(TASK INSTRUCTIONS):
With the pictures left out, transcribe exactly the lines from the one with "E-kniha Děvky, ty to znaj - Rudolf Havlík" through the end of the data.

(RAW DATA):
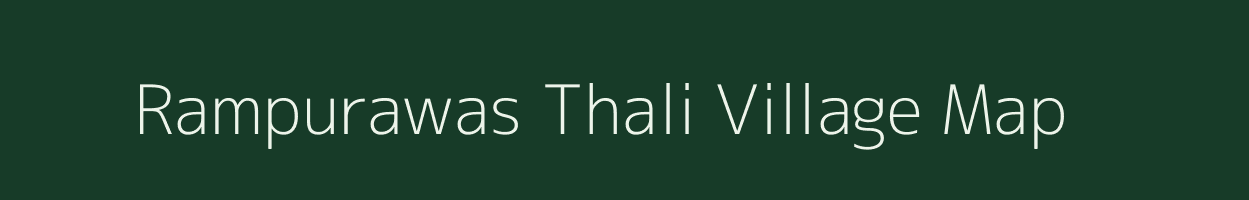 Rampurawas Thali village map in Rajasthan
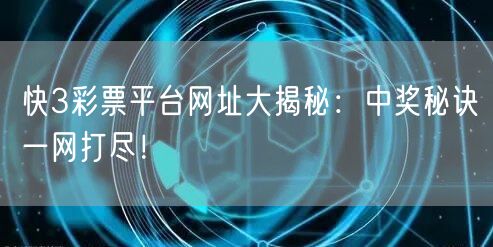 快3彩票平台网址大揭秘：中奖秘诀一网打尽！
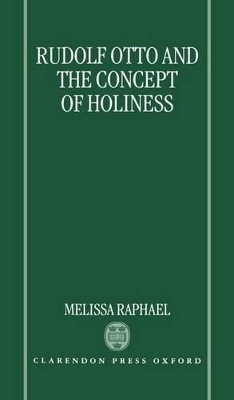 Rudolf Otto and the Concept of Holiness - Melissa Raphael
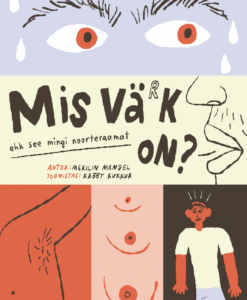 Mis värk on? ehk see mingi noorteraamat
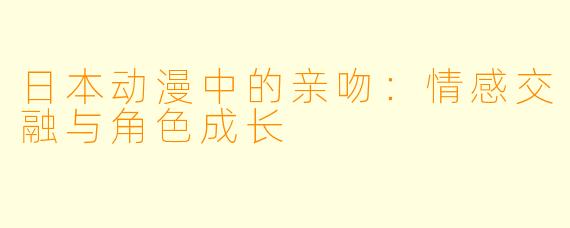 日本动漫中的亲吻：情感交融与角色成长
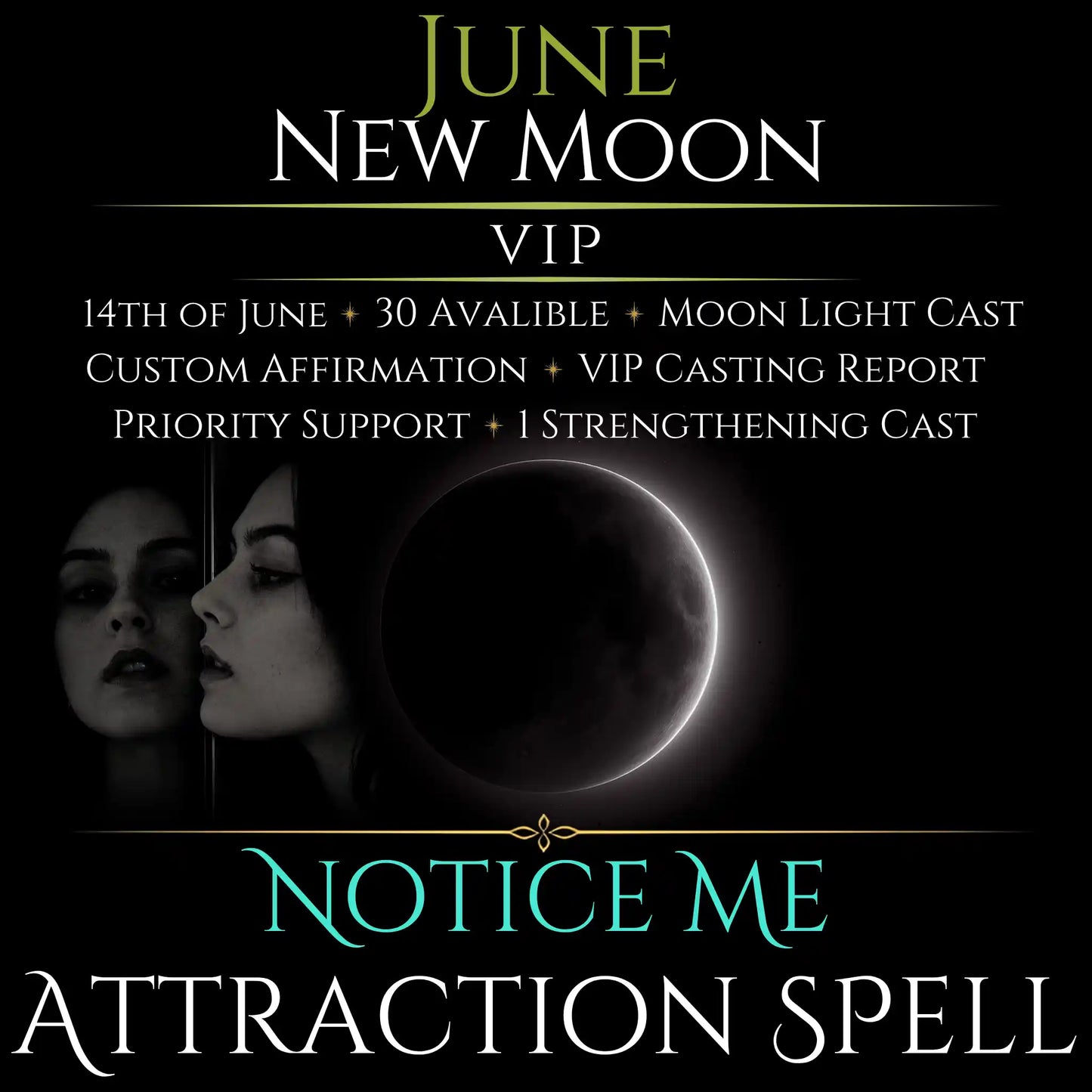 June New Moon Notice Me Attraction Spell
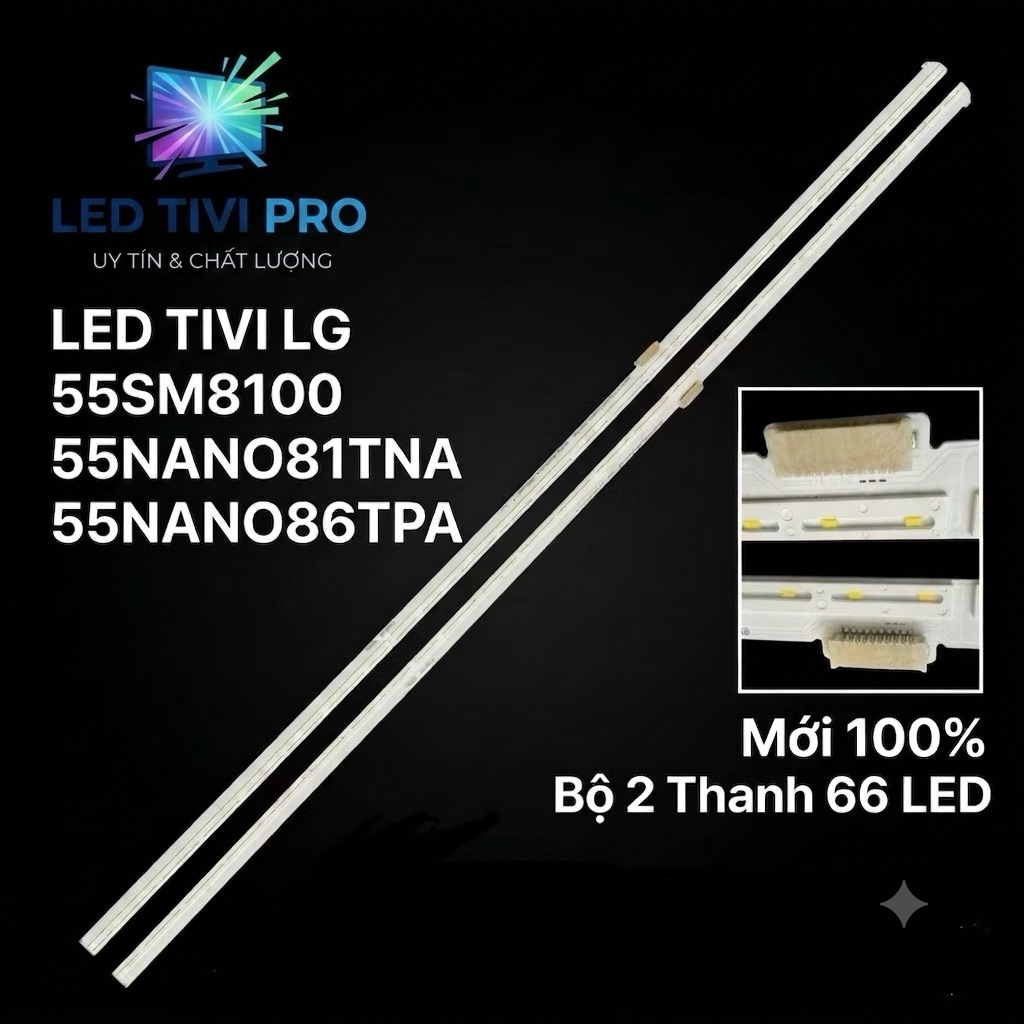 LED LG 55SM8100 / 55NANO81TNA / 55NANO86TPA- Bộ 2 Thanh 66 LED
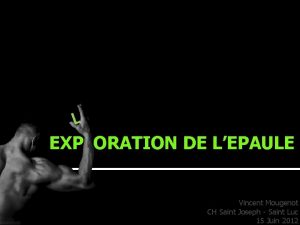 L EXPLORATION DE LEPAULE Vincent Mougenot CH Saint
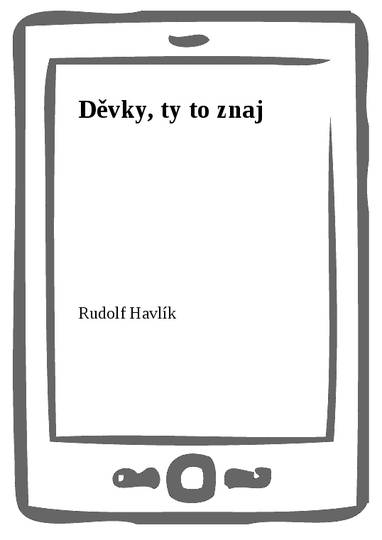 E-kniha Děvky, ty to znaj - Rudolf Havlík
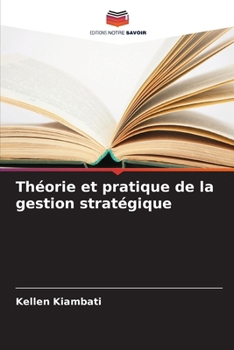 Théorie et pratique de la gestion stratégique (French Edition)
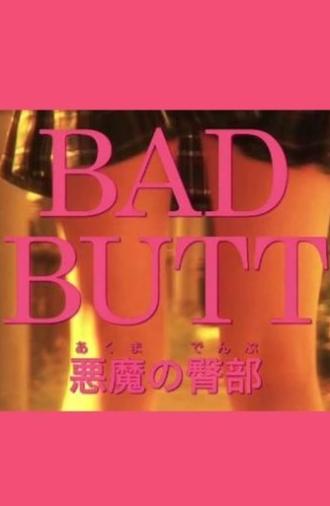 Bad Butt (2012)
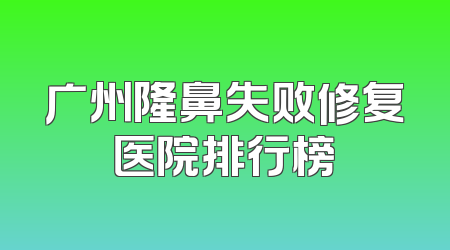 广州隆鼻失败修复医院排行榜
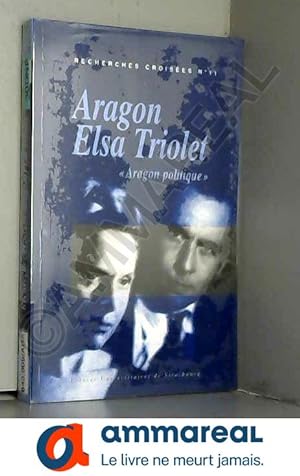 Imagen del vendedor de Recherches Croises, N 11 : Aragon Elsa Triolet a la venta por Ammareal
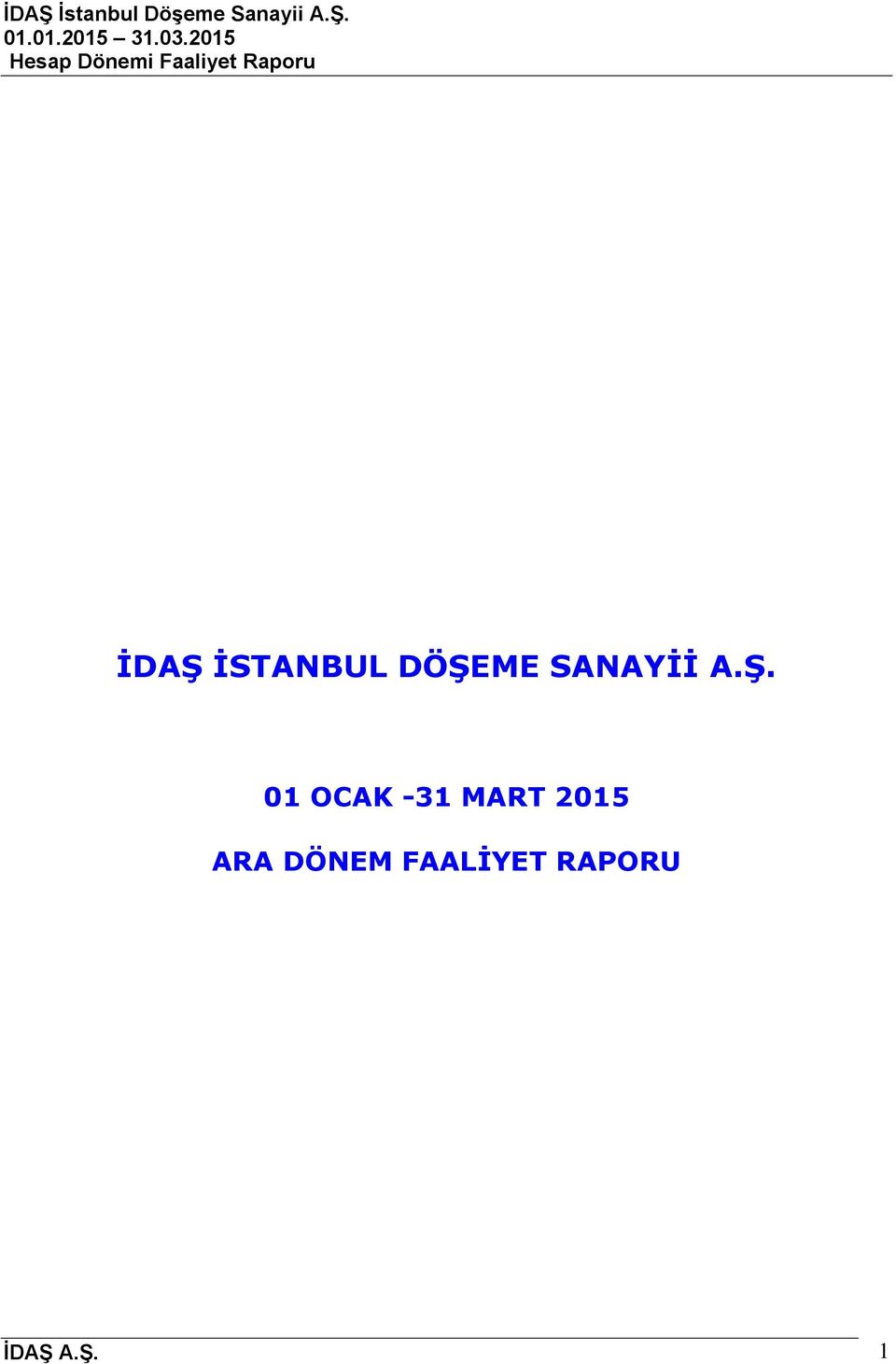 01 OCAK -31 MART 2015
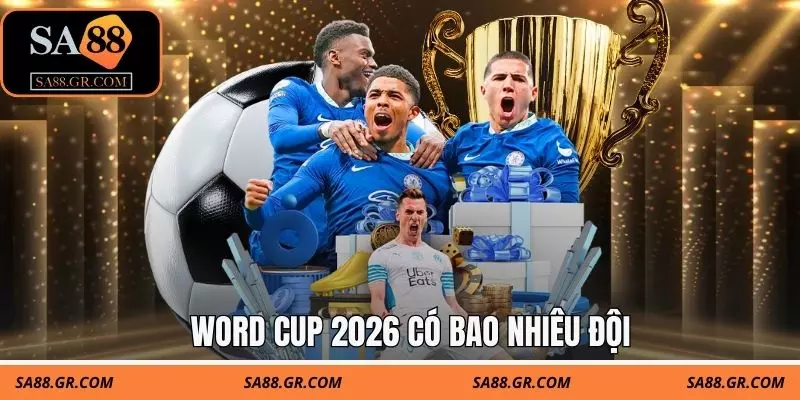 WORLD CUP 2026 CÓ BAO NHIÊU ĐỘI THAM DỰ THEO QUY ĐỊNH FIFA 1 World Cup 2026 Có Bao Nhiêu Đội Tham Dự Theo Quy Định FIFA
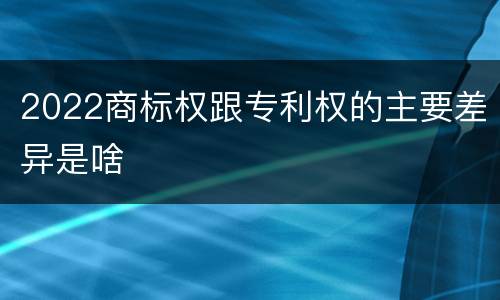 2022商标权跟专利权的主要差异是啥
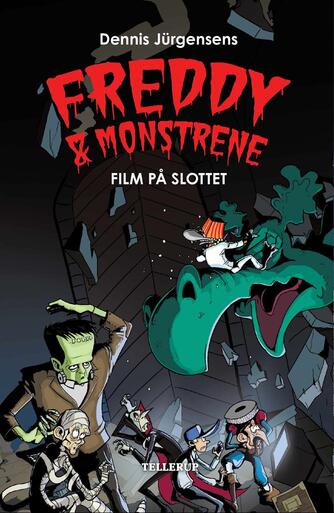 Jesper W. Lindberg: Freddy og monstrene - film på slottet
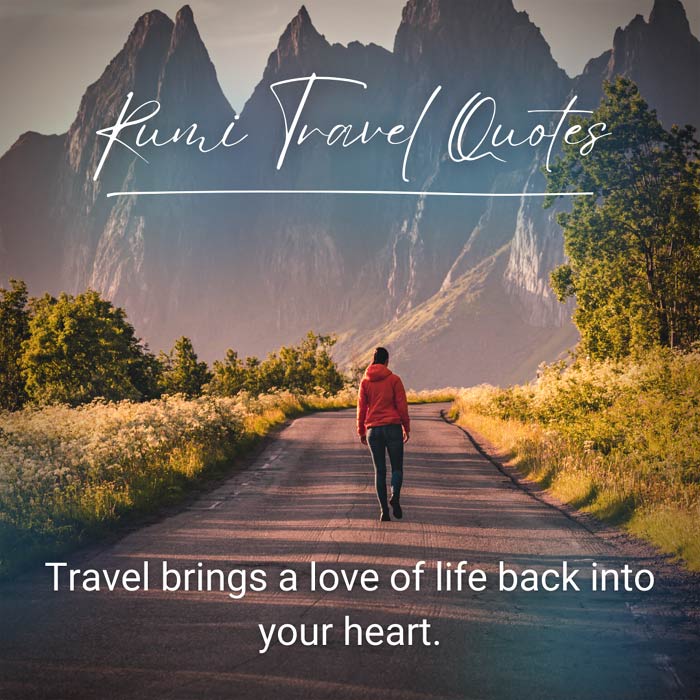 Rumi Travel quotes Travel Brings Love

(EXERCISE ANSWER):
 E-kniha Děvky, ty to znaj - Rudolf Havlík
 Théorie et pratique de la gestion stratégique (French Edition)
 Bad Butt (2012)
 广州隆鼻失败修复医院排行榜
 Imagen del vendedor de Recherches Croises, N 11 : Aragon Elsa Triolet a la venta por Ammareal
 01 OCAK -31 MART 2015
 WORLD CUP 2026 CÓ BAO NHIÊU ĐỘI THAM DỰ THEO QUY ĐỊNH FIFA 1 World Cup 2026 Có Bao Nhiêu Đội Tham Dự Theo Quy Định FIFA
 2022商标权跟专利权的主要差异是啥
 Jesper W. Lindberg: Freddy og monstrene - film på slottet
 Rumi Travel quotes Travel Brings Love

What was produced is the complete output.